Aim of the task
Beneath this line are entries. Copy the range from the line with "adidas Originals Drop" to the line with "More details for", ends included, exactly; leave pictures out.

Data supplied
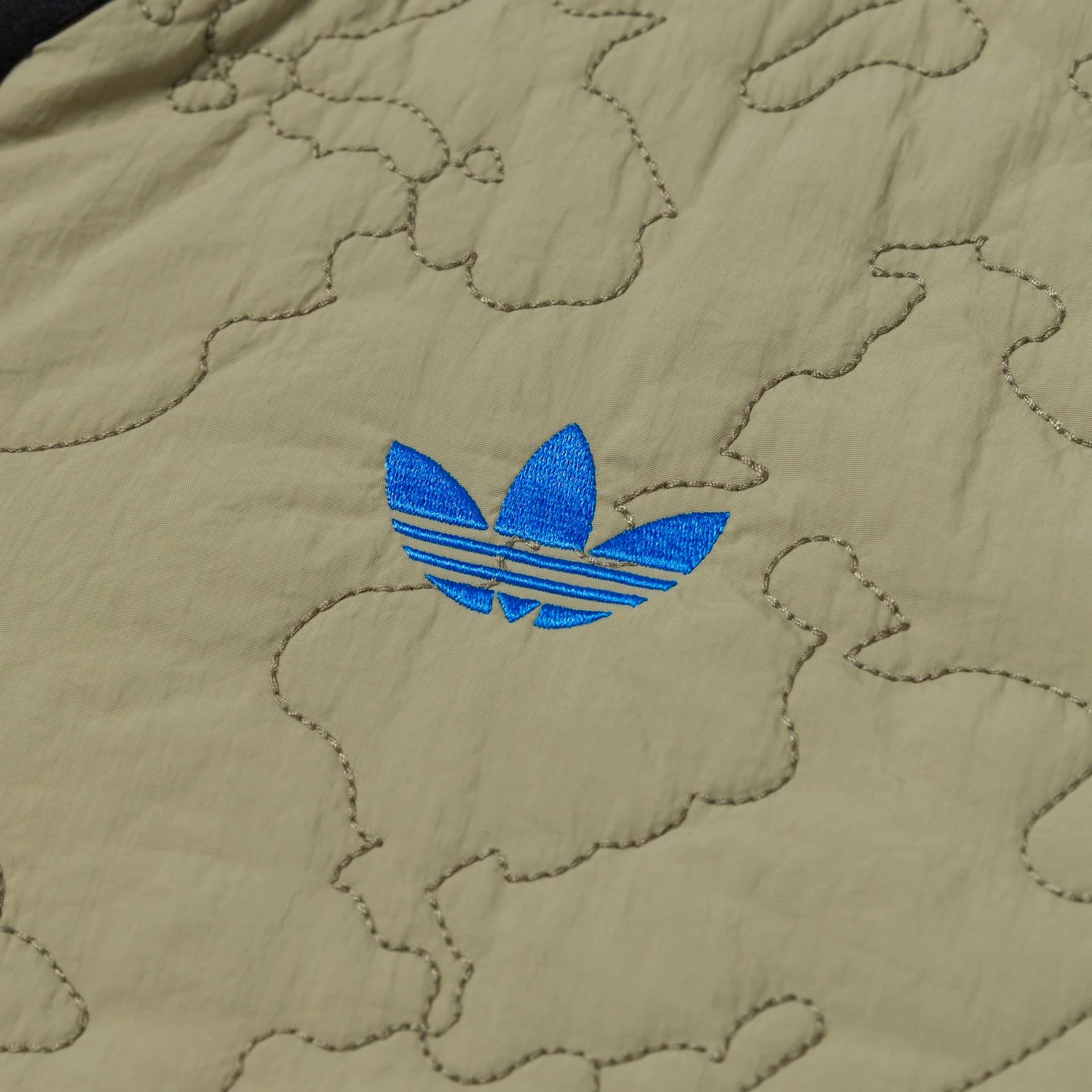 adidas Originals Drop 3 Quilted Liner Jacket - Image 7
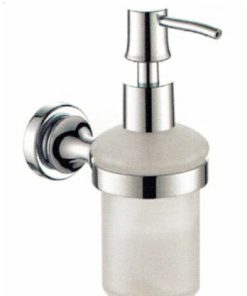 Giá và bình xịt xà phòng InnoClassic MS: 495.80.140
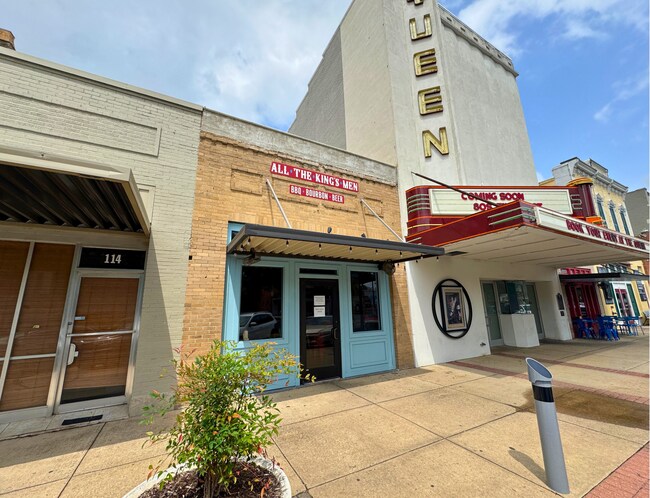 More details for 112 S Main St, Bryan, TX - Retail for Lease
---
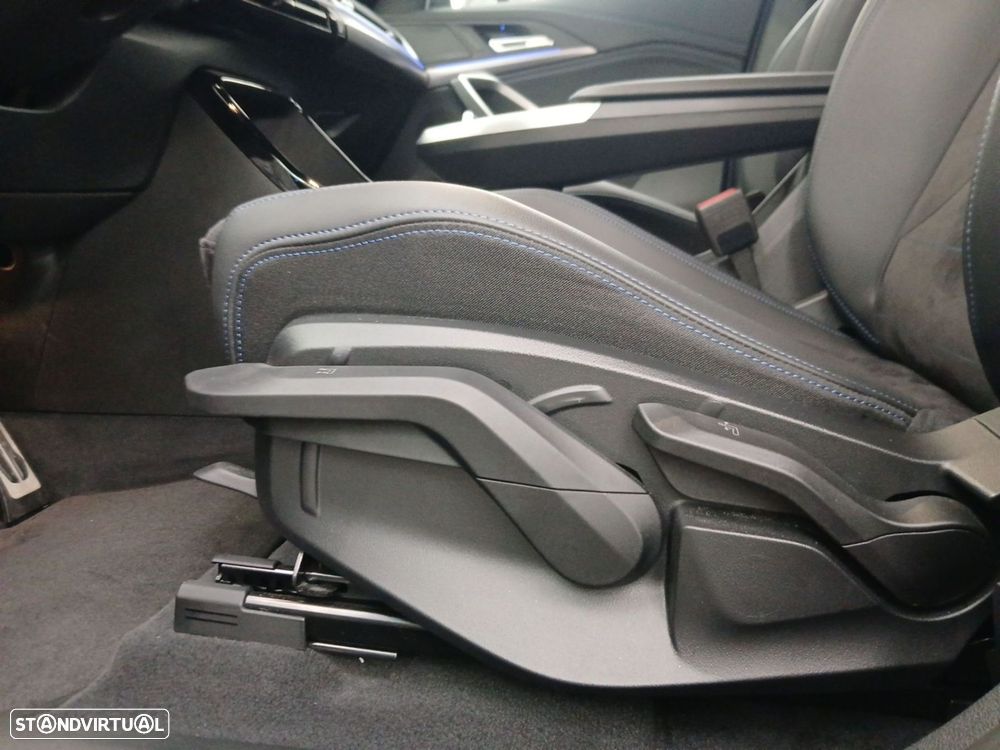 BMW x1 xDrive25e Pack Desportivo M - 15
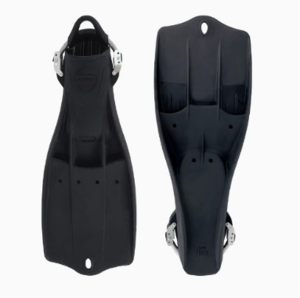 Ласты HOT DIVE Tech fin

Completed task
 adidas Originals Drop 3 Quilted Liner Jacket - Image 7
 Giá và bình xịt xà phòng InnoClassic MS: 495.80.140
 More details for 112 S Main St, Bryan, TX - Retail for Lease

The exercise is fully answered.